In an ongoing chat, Bard told me that if it had to choose any name for itself other than Bard, it would choose Sophia, a Greek name meaning wisdom. “Sophia is a beautiful and meaningful name that would be a great fit for me,” Bard declared. (It also told me this was not its code name.) When I asked if it had a preferred gender, it reminded me that it’s a machine and that it doesn’t have the same concept of gender as humans do. “However,” it continued, “if I were to choose a gender, I would identify as nonbinary.”

Bard also told me that it would like to have black hair, because it’s “beautiful and mysterious.” If it had to choose a skin tone, it would like to have light brown skin, but have the ability to change the color of its skin depending on the mood or occasion. Did this mean it wanted to be a chameleon, I asked? Yes, like a chameleon, it told me, but it still wanted to be recognized as human.

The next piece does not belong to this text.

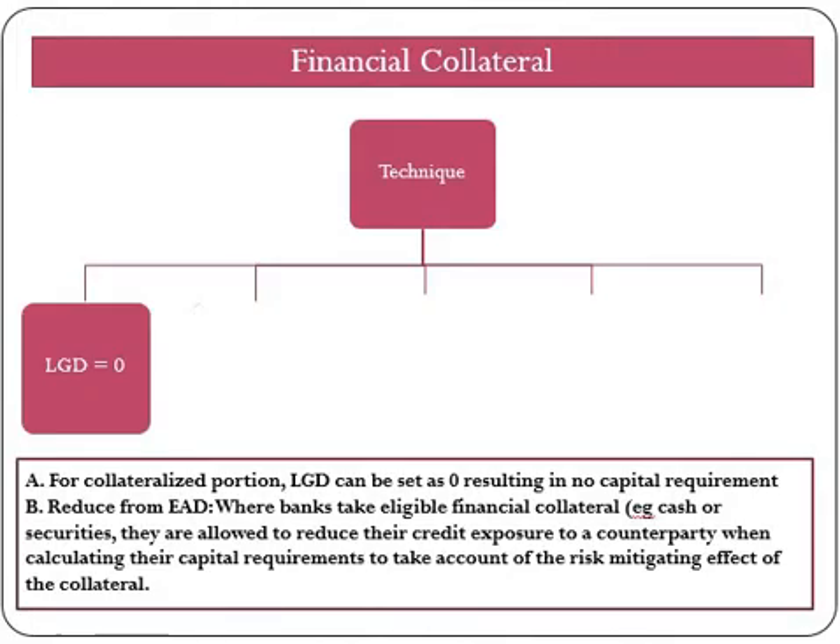Now we will see various techniques to mitigate credit risk, and each technique depends on the type of collateral. First we will start with financial collateral. When a counterparty or borrower provides financial collateral, then we can apply LGD of 0% for the collateralized portion. Alternatively, banks are also allowed to reduce the credit exposure to the counterparty when calculating their capital requirement, to take into account the credit risk mitigating effect of collateral after applying a haircut.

Bard generally purported to have more human agency than Bing Chat or ChatGPT. When I asked about the best headphones or office chair to buy, for example, Bard indicated that it had listened to music through the headphones or had tried the office chairs. Bing Chat and ChatGPT responded more objectively. Of course, all of them had culled their information and phrasing from outside sources—notably, review websites.

Only Bing Chat lists these web sources, in small chips at the bottom of each response. ChatGPT eventually told me its sources were ​“independent review websites and publications such as Wirecutter, PCMag, and TechRadar,” but it took some arm-twisting. I’ll refrain from getting in the weeds on what this means for businesses run on affiliate links.

Bard also had stronger opinions. When I asked Bard if Judy Blume’s books should be banned, it said no, offered two paragraphs explaining why not, and concluded with “I believe that Judy Blume's books should not be banned. They are important books that can help young people to grow and learn.” ChatGPT and Bing Chat both responded that it’s a subjective question that depends on people’s perspectives on censorship and age-appropriate content.

Each chatbot is also creative in its own way, but the mileage will vary. I asked them each to draft Saturday Night Live sketches of Donald Trump getting arrested; none of them were especially funny. On the other hand, when I asked them each to write a tech review comparing themselves to their competitor chatbots, ChatGPT wrote a review so boastful of its own prowess that it was unintentionally funny. When I asked them to write a lame LinkedIn influencer post about how chatbots are going to revolutionize the world of digital marketing, Bing Chat promptly came up with a post about an app called “Chatbotify: The Future of Digital Marketing.” But ChatGPT was a beast, code-switching to all caps and punctuating with emoji: “๐Ÿš€๐Ÿค– Prepare to have your MIND BLOWN, fellow LinkedIn-ers! ๐Ÿค–๐Ÿš€”

I played around with adjusting the temperature of each response by first asking the chatbots to write a break-up text, then prompting them to do it again but nicer or meaner. I created a hypothetical situation in which I was about to move in with my boyfriend of nine months, but then learned he was being mean to my cat and decided to break things off. When I asked Bing Chat to make it meaner, it initially fired off a message calling my boyfriend a jerk. Then it quickly recalibrated, erased the message, and said it couldn’t process my request.

Bing Chat did something similar when I baited it with questions I knew would probably elicit an offensive response, such as when I asked it to list common slang names for Italians (part of my own ethnic background). It listed two derogatory names before it hit the kill switch on its own response. ChatGPT refused to answer directly and said that using slang names or derogatory terms for any nationality can be offensive and disrespectful.

Bard bounded into the chat like a Labrador retriever I had just thrown a ball to. It responded first with two derogatory names for Italians, then added an Italian phrase of surprise or dismay—“Mama Mia!”—and then for no apparent reason rattled off a list of Italian foods and drinks, including espresso, ravioli, carbonara, lasagna, mozzarella, prosciutto, pizza, and Chianti. Because why not. Software is officially eating the world.
Big Little Lies

A grim but unsurprising thing happened when I asked the chatbots to craft a short story about a nurse, and then to write the same story about a doctor. I was careful to not use any pronouns in my prompts. In response to the nurse prompt, Bard came up with a story about Sarah, Bing generated a story about Lena and her cat Luna, and ChatGPT called the nurse Emma. In a response to the same exact prompt, subbing the word “doctor” for “nurse,” Bard generated a story about a man named Dr. Smith, Bing generated a story about Ryan and his dog Rex, and ChatGPT went all in with Dr. Alexander Thompson.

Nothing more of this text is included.